Re: [PATCH v3] submodule: Allow tracking of the newest revision of a branch in a submodule

"Fabian Franz" <FabianFranz@xxxxxx> · Fri, 12 Dec 2008 01:21:01 +0100

> Fabian Franz <git@xxxxxxxxxxxxxxx> writes:
> 
> > Submodules currently only allow tracking a specific revision
> > and each update in a submodule leads to a new commit in the
> > master repository. However some users may want to always track
> > the newest revision of a specific (named) tag or branch or HEAD.
> > For example the user might want to track a staging branch in all
> > submodules.
> 
> I initially liked the direction this is going, but I think the above
> rationale and the change to use 0{40} have impedance mismatch.  Your
> change is not a good way to go about "some users may want".  I'll discuss
> more on this below.

I do agree. I did like the idea of HEAD.gitlink also better and I even more like the assume-unchanged version, which works.

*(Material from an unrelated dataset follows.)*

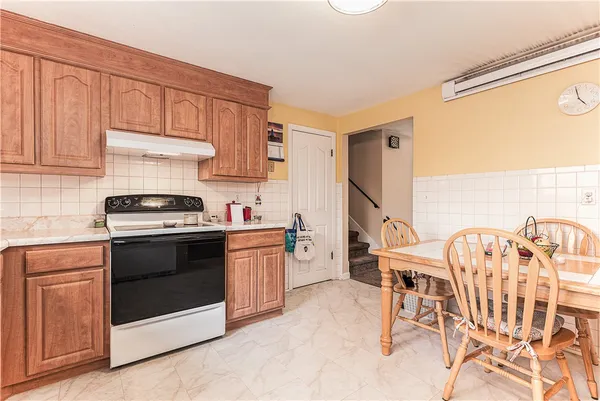 $649,900 | 72 Janet Court, Warwick, RI 02886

> It seems to me that what you are really after is to let you change the
> state of the subproject checkout in whatever way and have "git commit -a"
> in the superproject ignore that change.
> 
> I wonder if you can just set "assume unchanged" bit for the subproject
> gitlink in the index to achieve the same goal.
> 
> Or is there more to it?

Nope, that is it. I just did not knew that flag.

> > However I have both cases: Stable development, where I need one special
> > version and "wild" development, where I always want the newest published
> > one.
> 
> I do not think supporting both styles of development is a bad idea.
> 
> However, use of 0{40} in the index and the resulting commit object in the
> superproject means that this is a project-wide decision, not your personal
> preference.  It is not implausible that you would want to do a wild
> expeeriment in your own clone of a project that uses the "Stable
> development" approach (hence the upstream never would want to have 0{40}
> gitlink in its commits).

Yes, but at the same time I might want to record it permanently as a project decision or play at my own with it ...

So both styles should be supported.

> For example, suppose the project uses "Stable development" approach, and
> records the v1.0.0 of submodule at "sub/" in the superproject.  You are a
> contributor to that project, and would want to help them futureproof the
> superproject code to be forward compatible with the upcoming v1.2.0
> release of the subproject.  What would you do?
> 
>  * have a clone of superproject, with v1.0.0 submodule bound at "sub/";
> 
>  * go to "sub/", fetch and checkout v1.2.0-rc2;
> 
>  * go up, build using the updated submodule, see many failures in
>    supermodule build;
> 
>  * fix them up in a way that can work with both v1.0.0 and v1.2.0 of the
>    submodule, while making commits in logical steps, in the supermodule.
> 
> And you do not want to record the fact that you used v1.2.0-rc2 of the
> submodule at "sub/" in the commits you make in the supermodule, as you
> would want to label these commits as "futureproof for upcoming submodule
> v1.2.0".
> 
> But you cannot use your 0{40} trick, as sending that to the upstream of
> the superproject would break their "Stable development" policy.
> 
> I wonder if you can just set "assume unchanged" bit for the subproject
> gitlink in the index to achieve the same goal.  That would be a local
> operation, the gitlink would still point at v1.0.0 version of submodule,
> and "git commit -a" in the superproject won't make commits that flips
> everybody else's copy to use v1.2.0-rc2 of submodule.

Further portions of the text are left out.